11. Their Relationships:
The relationships they have with people, as well as intangible concepts and feelings such as their stories and S.C.A.M.M.s., (I cover this in great detail in Chapter Four of, Coaching Salespeople into Sales Champions.) You can even coach someone around their relationship with fear, confidence, time and self management, self worth, rejection, call reluctance, their drama, their diversionary tactics and so on.
12. The Solution:
This may not come as a chock to most managers. That is, to coach someone around self generating a solution to a challenge or issue they’re facing. Rather than be the Chief Problem Solver who’s always handing out answers, ask powerful, precision based questions to help the person create an answer on their own to foster greater ownership and accountability.
13. The Consequence:
While most people are motivated by pleasure; that is, what they want to create for themselves or a vision they want to manifest in the future, many people still don’t possess the level of self-awareness needed that would motivate them to change what has been deemed as a detrimental or costly, negative behavior. And most of the time, it’s not enough to just tell the person, “You need to stop doing that. It’s affecting your sales.” Instead here’s an opportunity to coach them around self awareness and negative behavior so that they can come to the needed level of awareness on their own. Remember, people believe what they say but resist what you say. Here are some questions that would help facilitate this process. “If you continue on this path, where do you think you’ll be in (two, three, six) months from now?” “How does your performance impact you, your team and your customers?” “What’s the consequence of spending more time doing research in front of your computer rather than being in front of your customers?” “How could this behavior impact your goals and future career plans?” If you don’t change how you (communicate with customers, relate with your peers, manage your time, etc.), what will this cost you as it relates to your performance?” “How will this affect your reputation and relationship with your team/customers?” “How do you want to be known?” “What can this potentially cost you in the long run?” “If no changes are made, how is this going to affect your quota this quarter?” “If our roles were reversed and you were the manager, what would you advise me to do?” “What are some of the implications that affect both you and your customers when………”?
14. Their Wins:
Interestingly, this is the second area other than #1 above that managers seem to step over most or fail to recognize as great coaching moments. Since the majority of managers are focused on what’s not working or what’s wrong, managers are wired to search out things that need fixing. They like to fix things. Consequently, managers miss so many opportunities to coach people around a win rather than seeking out what they need that person to improve upon or do.

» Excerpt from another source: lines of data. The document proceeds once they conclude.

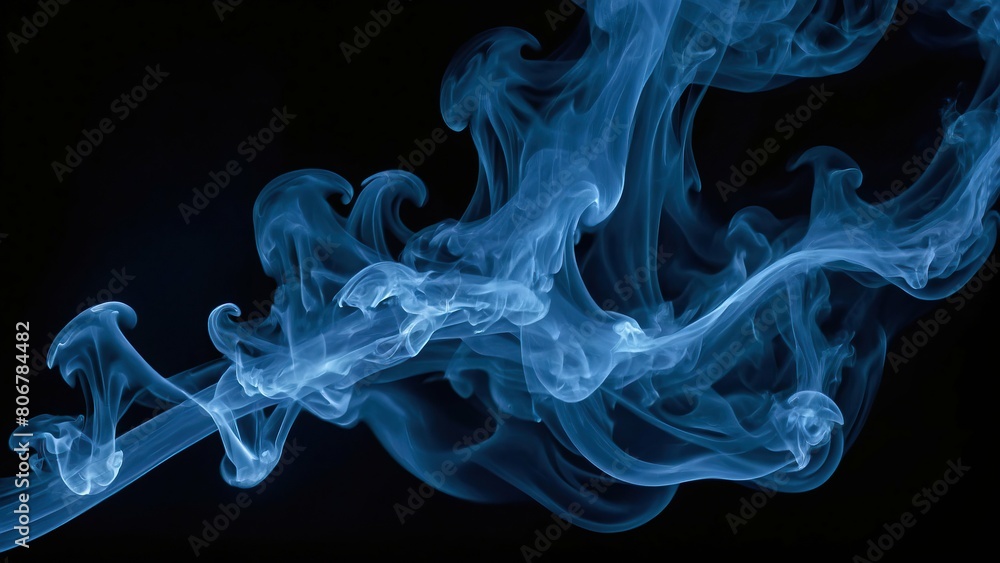 Fototapeta premium Ethereal blue smoke swirling against a dark background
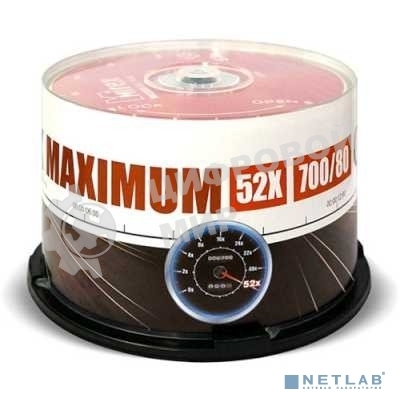 Диск CD-R Mirex 700 Mb, 52х, Maximum, Cake Box (50), (50/300)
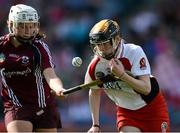 16 September 2012; Aoife Ni Chaiside, Derry, in action against Maria Brehony, Galway. All-Ireland Intermediate Camogie Championship Final, Derry v Galway, Croke Park, Dublin. Picture credit: David Maher / SPORTSFILE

For example, one of your direct reports just closed a big deal. Many managers respond with, “Great job! Now let’s focus on the deals your struggling to close this quarter.” Right there, you just missed a coaching opportunity to coach the person around best practices and strategies that you can then put in front of their line of vision in order to reinforce the positive behaviors that you want them to continually practice and refine. A question that would assist in uncovering this could sound like, “Congratulations on that new sale. I’d love to hear more about it. Can you walk me though what happened when you met with that prospect? What did you noticed you did differently this time? What did you do really well? How did you respond when the customer initially said they were happy with their current vender? What best practices can we identify so that you can consistently engage in them during every customer interaction to achieve the results you want?”
To build a world class sales team and reinforce the behaviors you want them to engage in, turn your binoculars around and start magnifying and focusing on what they’re doing right more often than the time you spend focusing on what they’re doing wrong. Otherwise, how would they know what best practices and behaviors you want them to continually engage in?